So... this all started with a story that I made for a class called "The Chocolate Rain", and I needed some names, so I made up some names and put a bunch of diacritics on them to make them look foreign. At this point, I didn't have any intent to develop this into a full language. Then, a few stories later, I made a story involving both the country of Ḱĺk̀ and the country that I'd previously made, thus establishing that they were in the same universe, and I continued to make stories in that universe, though I wasn't always consistent with names (and the relation between Coculaght and Súiⱥcúil).
Then, later (early 2009 I think), I decided to actually start making the language, and of course I wanted to make it at least somewhat consistent with the names I'd already used... which meant assigning meaning to various diacritics that I at some point found out weren't actually in Unicode, so I decided that some of the diacritics just involved how the words changed when they changed forms. The meaning of ⱥ and ø was also decided due to how I'd made those letters pronounced on a whim way back then.
A few other things about how I decided certain things:
- Thought sometime not too long before I started the language: Spanish has grammatical gender, but gender shouldn't be that important... that's like having grammatical eye color! So, when I decided to make a new language, I included grammatical eye color. I added Type 2 adjectives with the thought that at some point in the past they discriminated so much against blue-eyed people that there just wouldn't be a way to get the word for "good" to agree with blue-eyed gender, and later agreement endings were added to Type 2 adjectives copied from Type 1 adjectives.
- My reasoning for making brown-eyes the default for mixed or unknown gender: male is the default gender in Spanish; maleness is sort of kind of genetically dominant (like dominant genes, it's what you get if two chromosomes are different (XY)); brown eyes are also genetically dominant.
- I don't think it's a coincidence that the vowels I used for grammatical gender (e, i, u) are exactly the vowels that Spanish doesn't use for grammatical gender, though I don't remember if that was a conscious decision. The plural suffixes ub, ig, and eb are based on the first letters of the English words brown, green, and blue, respectively.
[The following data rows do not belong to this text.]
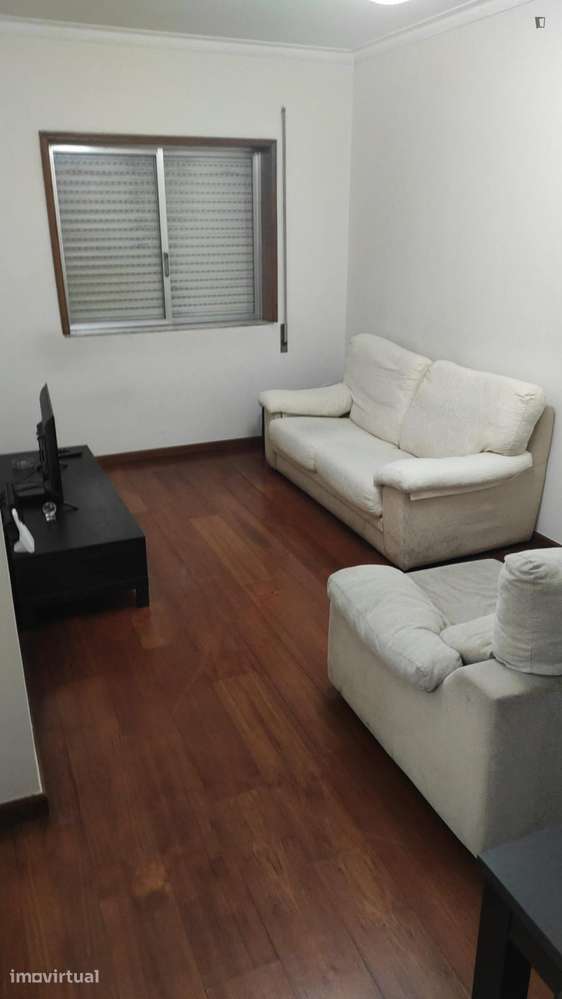 Quarto - localizado em Sé de Braga e São Lázaro Braga - Grande imagem: 2/5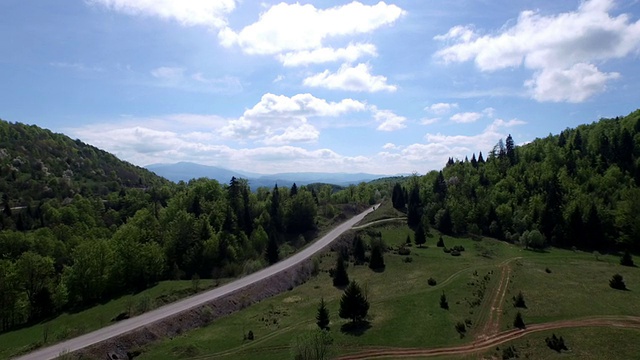 空中山路视频下载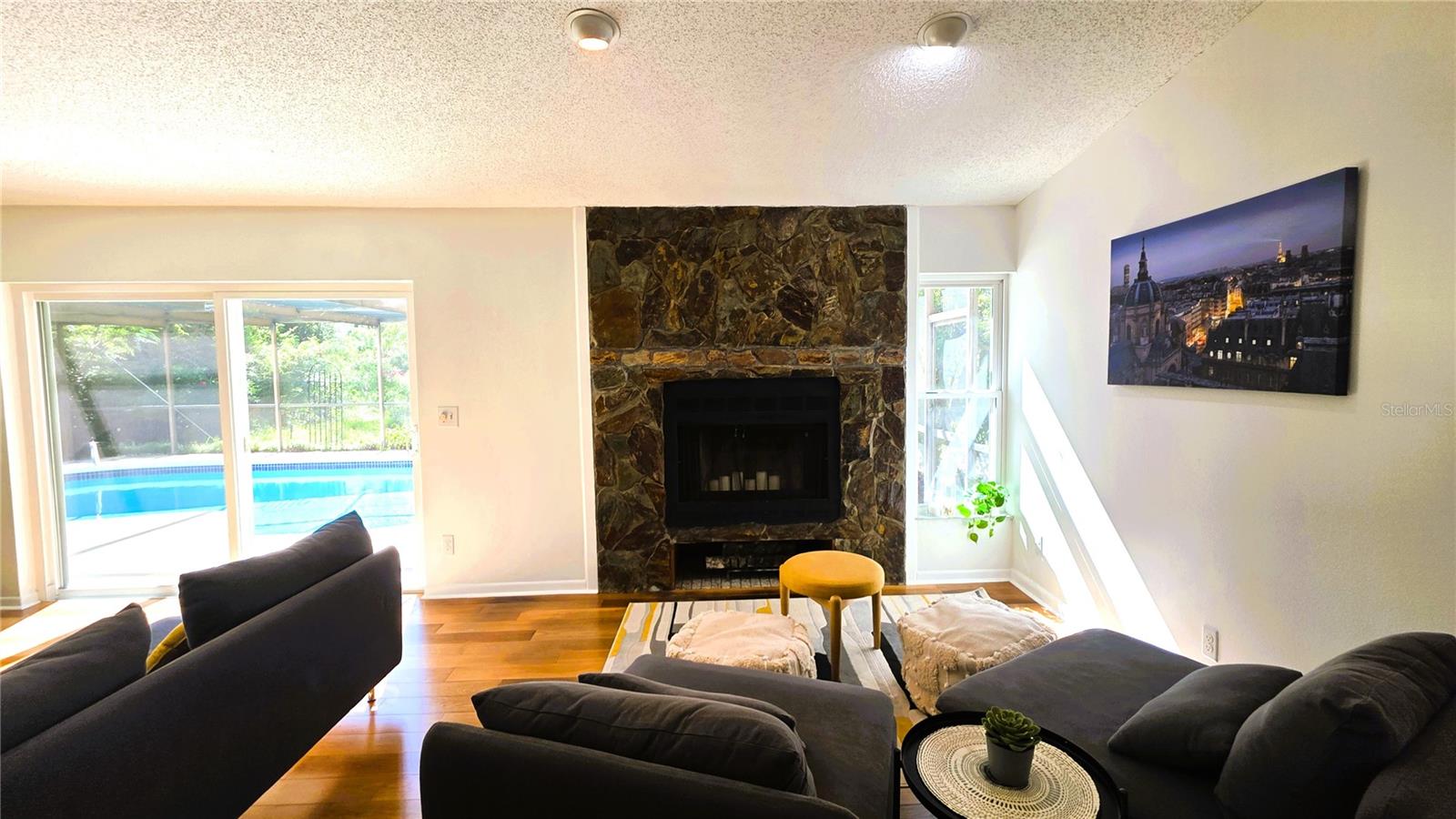2529 INDIGO DR — photo 20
- The verb endings were supposed to be fusional, but I guess I was uncreative. (Also, I didn't know at the time about fusional vs. agglutinative distinction; I just thought what Spanish did was normal...)
- i almost always changes to e in the second form because i has a dot over it normally, which looks like a diacritic, and I'd decided to use diacritics to indicate stem changes.
- The first– and second-person pronouns were similar to pronouns I'd used in other conlang sketches. The way third-person pronouns work was inspired by declaring variables in programming languages.
Some thoughts years later coming back to this language after I'd already started Lwaitel and Tydotsuy and gained more linguistic knowledge:
- I have no idea how this particular system of vowel changes could have developed naturally... maybe I should make this be a conlang in-universe, like Lwaitel, to explain it. (In particular, the fact that vowels sort of switch places seemed perfectly okay at the time, but it seems unlikely to arise by the processes that I understand cause actual vowel changes like that in real languages... though Spanish sort of has something like that in the subjunctive).
- I can make fonts now! No more approximating plusses with x's, no more misaligned diacritics!
- Gaa! Stress! Specifically, I had no information whatsoever about where stress should go, but still had some idea of where stress should go... and it wasn't predictable, so I'd have to go through every single word and assign stress, but it also changes based on what suffixes are added, so... so stressful! I considered just getting rid of stress altogether...
- I couldn't pronounce /r/ then, and I still can't pronounce it. I can pronounce /ɾ/ just fine, and usually /ʀ/, but not /r/.
- The words for "color" and "brown" are similar (and similar to the English word "color"). Some people might see this as having something to do with outdated racist terminology; this was very much not intended, or even something I was thinking about when I made the terms. The reason they're similar is because of the color creation myth, where brown was the first non-gray color created, which is because it's both common in nature (e.g., wood, soil, many animals' fur) and doesn't fit into the rainbow, and also because of sepia photographs.